Implementing Container Runtime Shim: runc

What is a shim?

A container runtime shim is a piece of software that resides in between a container manager (containerd, cri-o, podman) and a container runtime (runc, crun) solving the integration problem of these counterparts.

The easiest way to spot a shim is to inspect the process tree on a Linux host with a running docker container:

ps auxf output on a host running docker run -it ubuntu bash; notice containerd-shim process in between containerd and bash.

On the one hand, runtimes need shims to be able to survive managers restarts. On the other hand, shims are helping container managers to deal with the quirky behavior of runtimes. As a part of the container manager implementation series, we will try to create our own shim and then integrate it with conman, an experimental container manager. Hopefully, during the development, we will gain an in-depth understanding of the topic.

However, before jumping to the shim development, we need to familiarize ourselves with the container runtime component of the choice. Unsurprisingly, conman uses runc as a container runtime, so I will start the article by covering basic runc use cases alongside its design quirks. Then I'll show the naive way to use runc from code and explain some related pitfalls. The final part of the article will provide an overview of the shim's design.

Playing with runc

The detailed explanation of what is a container runtime and why do we need one is out of the scope of this article. If you are lacking this knowledge, read this section first, then check out runc README file, and try out runc --help.

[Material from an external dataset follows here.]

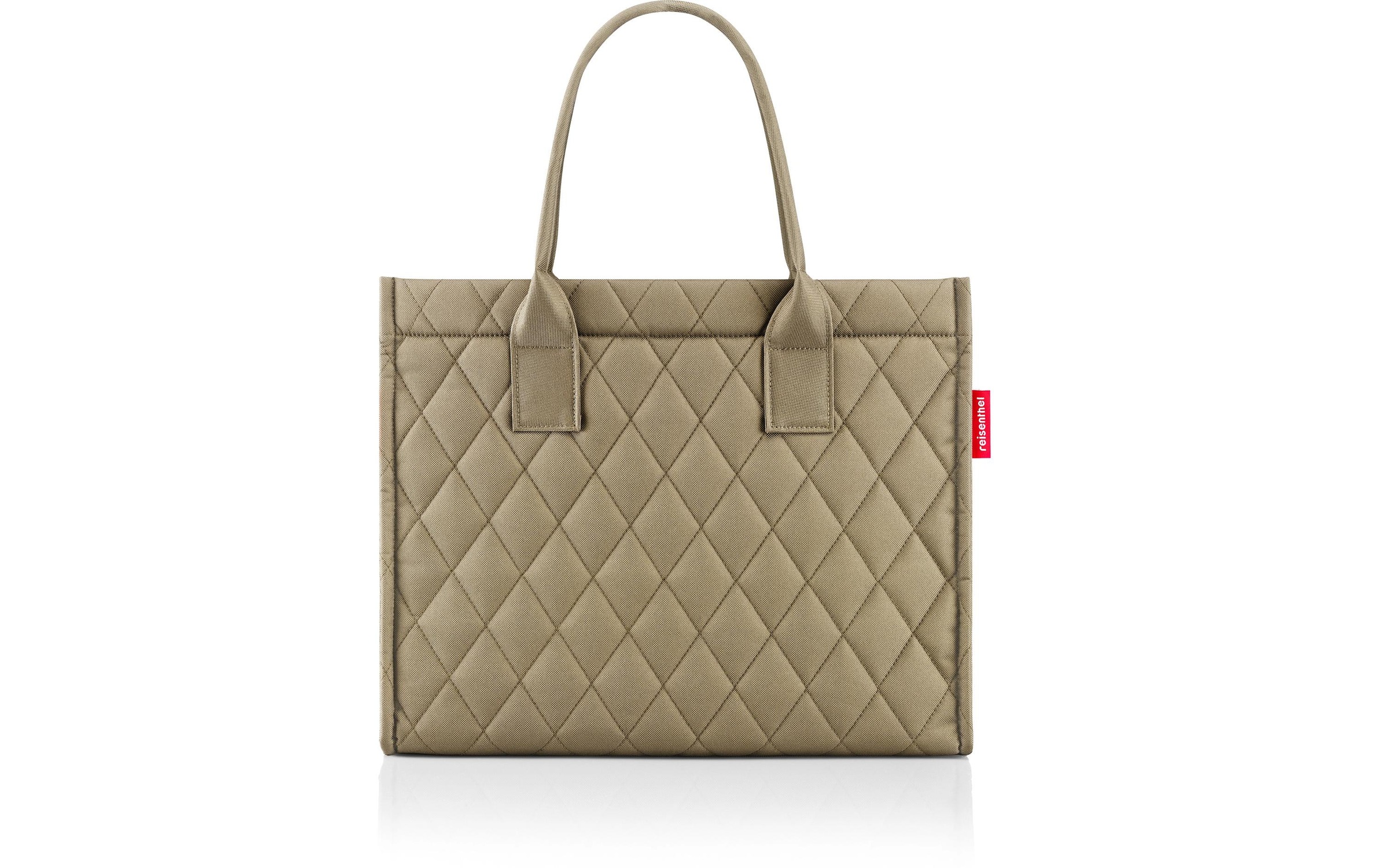 Reisenthel Tasche daily shopper Rhombus olive (DN 5046)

Long story short, runc is a command-line tool for running containerized applications. If this sentence sounds too fancy, you can think of runc as just a tool to spawn a new ordinary Linux process but inside of an isolated environment. The isolation among other things includes a dedicated root file system and a new process tree and is being achieved via Linux namespaces and cgroups facilities. Let's call this new process that runc launches a container process. This process becomes the first process (i.e. PID=1) inside of the newly started container. We will be referring to this process frequently throughout the rest of the article.

Even though runc is most often used behind Docker (through containerd) or cri-o daemons while both oftentimes reside behind a kubelet, it's a standalone executable file, i.e. runc is by no means a library. We will see further on how this design makes the usage of runc from another software somewhat complicated, but now let's try to just play with this tool in our favorite terminal emulator:

NB: runc supports running containers controlled by a Linux pseudoterminal, but today we will not use this functionality and leave its consideration to a separate article.

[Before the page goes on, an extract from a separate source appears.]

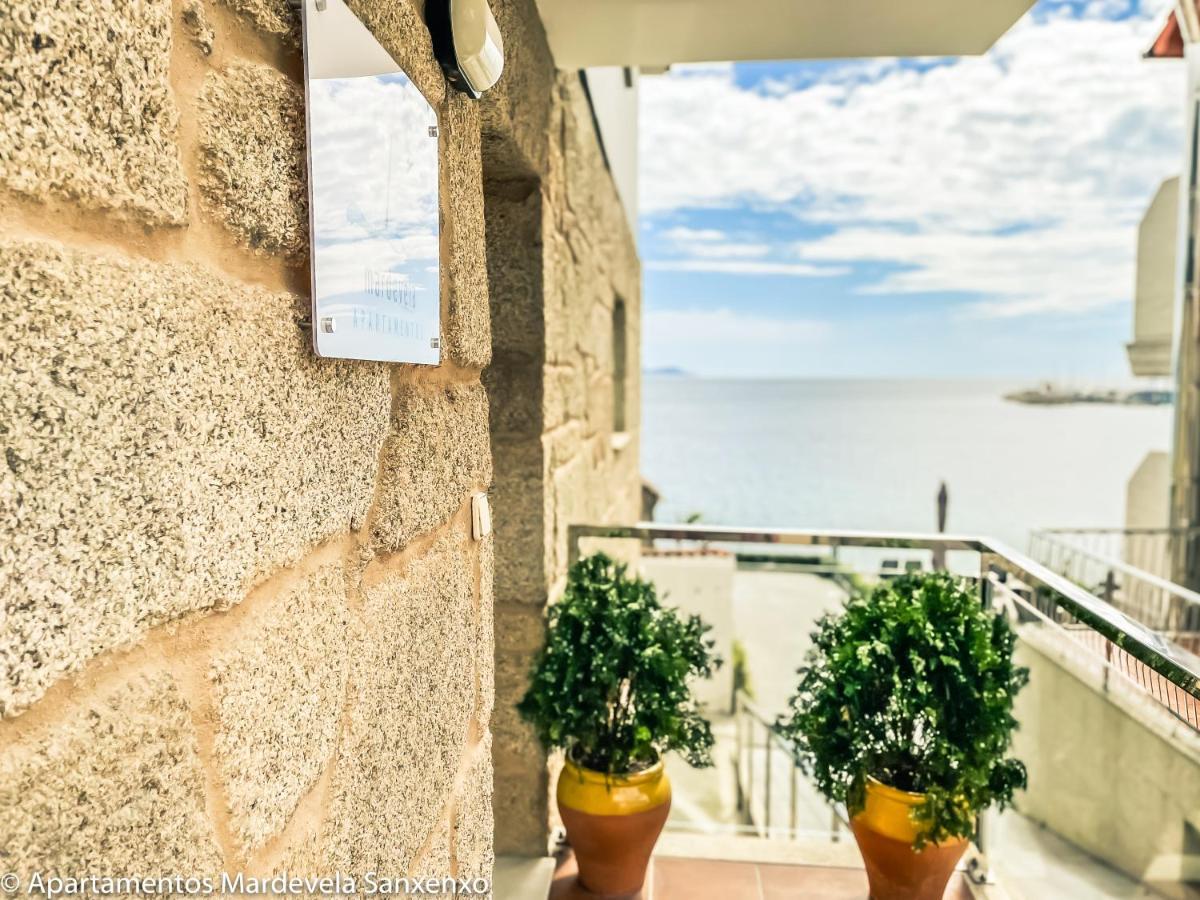 Apartamento Mardevela Sanxenxo Kültér fotó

# Prepare some directories.
$ mkdir -p container1/rootfs
$ cd container1

# Use docker to create a root
# filesystem for our new container.
$ sudo bash -c 'docker export $(docker create busybox) | tar -C rootfs -xvf -'

# Create a default bundle (i.e. container) config.
$ runc spec

# Change the default command (sh) to
# sh -c 'echo Hi, my PID is $$; sleep 10; echo Bye Bye'
$ sed -i 's/"sh"/"sh", "-c", "echo Hi, my PID is $$; sleep 10; echo Bye Bye"/' config.json

# Do not use pseudoterminal (PTY) to control the container process.
# PTY use cases lie out of the scope of this article.
$ sed -i 's/"terminal": true/"terminal": false/' config.json

# Review the bundle config (optional).
$ less config.json

# Run the container with ID cont1.
$ sudo runc run cont1

If we check the corresponding process tree using ps axfo pid,ppid,command in the separate terminal session we will see something similar to this:

The process hierarchy seems absolutely normal. Our login bash session (PID 9503) fork-execed runc process which in turn forked itself (probably due to PID namespace implementation related reasons) and the second fork finally launched the sh shell (PID 22437) inside of the containerized environment.

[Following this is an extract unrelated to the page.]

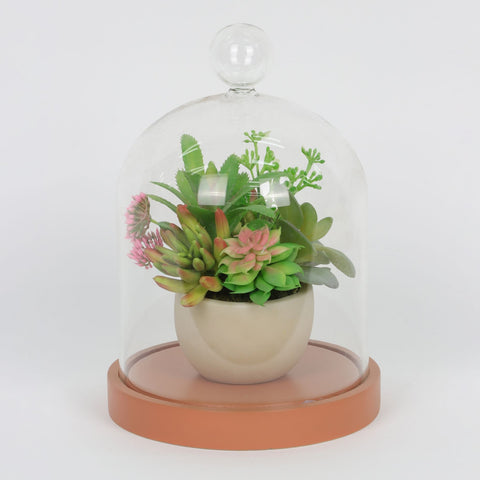 6*8.75 PO DÉCOR DE PLANTES ARTIFICIELLES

Now, let's take a look at the produced output:

Hi, my PID is 1
Bye Bye

Notice, that even though from the host system we see the PID of the sh process as 22437, our tiny script printed out Hi, my PID is 1. That's perfect proof that it got its own process ID namespace. We also should set our eyes on the fact that the stdout content of the container was just printed out to our terminal, meaning that stdio streams of our login bash shell have been passed through to the container and then set as its own stdio streams. That’s an important observation we need to keep in mind. We can try to represent the process structure as follows:

The approach to run containers we just explored is called foreground in runc terminology. It means that the runc process always stays in between the container process and the launching process (bash shell in our example). There is another mode supported by runc, called detached. Let's try to use it:

# from the container1 folder
sudo runc run --detach cont1-detached

Notice, how runc releases the execution back to our login shell almost instantly. If we check the corresponding process tree, we will see the following picture:

Seems like runc exited completely after it has spawned the container process. And the container process has been reparented to the host's PID 1 process. There is no connection between the launching process (our login shell) and the container process... except for the passed-through stdio streams! The output of the container process once again has been printed out to our terminal, but this time the lines produced by the container are interleaved with the login shell prompt appearance:

$ sudo runc run --detach cont1-detached
Hi, my PID is 1
$ Bye Bye

We can try to depict the corresponding structure of the involved processes and their stdio streams as follows:

That's how the detached mode is described by runc documentation:

In contrast to foreground mode, in detached mode there is no long-running foreground runc process once the container has started. In fact, there is no long-running runc process at all. However, this means that it is up to the caller to handle the stdio after runc has set it up for you. In a shell this means that the runc command will exit and control will return to the shell, after the container has been set up.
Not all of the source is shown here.